As the saying goes, it’s too little too late.
While investors and analysts alike have been hankering for a change in leadership at RIM for some time now, Heins isn’t exactly the new blood they were hoping for. The German native, who has 20 years of experience at electronics conglomerate Siemens, has been with RIM for the past four years.
While the BlackBerry maker rose to great heights under Lazaridis and Balsillie—at one point it was Canada’s most valuable company—they also oversaw its tremendous fall from grace over the past few years, a spiral that went into overdrive in 2011. Installing someone who The Globe and Mail describes as the previous leaders’ hand-picked successor at the helm isn’t exactly much of a change.
Stymiest, the well-respected director who has been pegged for the chairperson’s role for a while now, has been with the company since 2007. Investors looking for fresh opinions and directions aren’t likely to get it from the new leaders. Heins even said as much—“There’s no need for me to shake this company up or turn it upside down,” he told the Globe.
Many observers would beg to differ. Despite the company’s hyperbole about its 75 million customers, the sun is quickly setting on RIM in smartphones. Not only are the iPhone and Android carving up the market, Microsoft—in conjunction with Nokia—is poised for a comeback. The two partners were the stars of the Consumer Electronics Show a few weeks ago, with the likes of Wired and the New York Times proclaiming both to be “cool” again thanks to the strong showing of the latest Windows Phones.

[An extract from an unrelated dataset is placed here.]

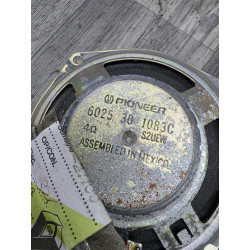 enceinte haut parleur avant renault espace 3 pioneer 6025301083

Microsoft has yet to translate its newfound hipness into actual sales, but it does have some significant long-term advantages over rivals. Not only do the company’s phones look and feel very different from the others, Microsoft can also take advantage of its huge PC and Xbox install bases to do things the others can’t. Lastly, there’s Microsoft’s biggest advantage: it has mountains upon mountains of cash to burn. It can keep hammering at the smartphone market until it finally gets its share.
As I said in my CES wrap-up, a resurgent Microsoft can only be bad news for RIM. In a four-way race between Apple, Google, Microsoft and RIM, it’s pretty clear who the minnow is. Perhaps that’s why some people continue to hold out hope for the BlackBerry maker—while it was once the top dog, it’s now thoroughly the underdog.
If Heins really does want to save RIM, he’ll have to do the exact opposite of what he says he’s going to—he needs to turn the company upside down. RIM’s best shot might be to pull an IBM; get out of the hardware business entirely and focus on selling software and services.
The company’s most valuable assets right now are its software, servers and security. Focusing on its strengths and licensing those assets to rivals could be a smart way forward. Staying the course and trying to fight the big three of U.S. technology? That’s just downright suicidal.